Cambridge University research found that 8-week mindfulness training reduced immune dysregulation caused by exam stress. Your body is keeping score even when your mind denies it.
Ask yourself honestly: Am I still choosing this, or am I too afraid to choose differently? There’s no shame in either answer—only in never asking.

The Zen Path Forward: Two Mindfulness Anchors
Five-Minute “Meta-Meditation” for Future Civil Servant Self
Every morning, before Current Affairs, sit quietly. Close your eyes. Visualize yourself not receiving results, but working—solving a district’s water crisis, implementing policy, serving. Feel the purpose beyond the exam. This practice roots you in service, not success anxiety.
Weekly Ten-Minute “Sankalpa” Ritual
Every Sunday evening, light a candle. Write your intention for the coming week—not goals, but values. “I will study with curiosity, not fear.” “I will be kind to myself when concepts don’t click.” MBSR research shows evaluation anxiety reduction continues even after the intervention period ends. Sankalpa plants seeds of self-compassion that outlive any attempt.
The Truth Nobody Wants to Say
Here it is: You might not clear UPSC. And that’s not catastrophic. That’s not even tragic. That’s just—life.
The real tragedy is losing yourself so completely in pursuit of something that you forget the person who started this journey. The real failure is spending years preparing for service while being cruel to the one person you could serve right now: yourself.
Over 53% of UPSC aspirants experience significant mental health deterioration during preparation. You’re not weak for struggling. You’re human for acknowledging it.
UPSC is one path to impact, not the only path. The skills you’ve developed—discipline, analytical thinking, dedication—are transferable. The person you’ve become—more aware of governance, society, justice—that awareness doesn’t require a posting to be valuable.

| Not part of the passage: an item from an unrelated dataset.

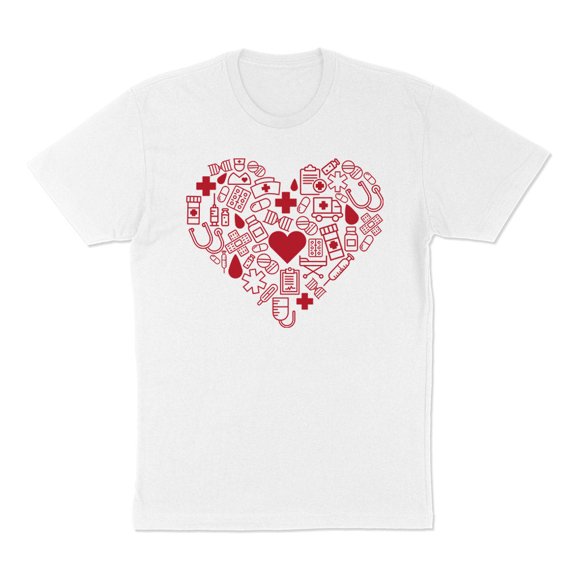 Nurse Icons Heart Shirt Unisex Large White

Sometimes the most radical act of service is choosing your mental health over society’s definition of success. Sometimes the bravest thing you can do is say: “I gave it my best. Now I choose me.”
And sometimes—after rest, perspective, and self-compassion—you come back stronger. Or you don’t come back, and you build something equally meaningful elsewhere. Both are victory.
Because at the end of ten years in Vajiram, the question isn’t whether you cleared Mains. It’s whether you’re still you.
That’s the exam that actually matters.
The real preparation wasn’t for the exam. It was for this moment—the moment you choose yourself.
May you have the wisdom to know when to persist and the courage to know when to pivot.
May you remember: you are not your rank, your attempt number, or your result.
You are the awareness that remained through it all.
And that’s already enough.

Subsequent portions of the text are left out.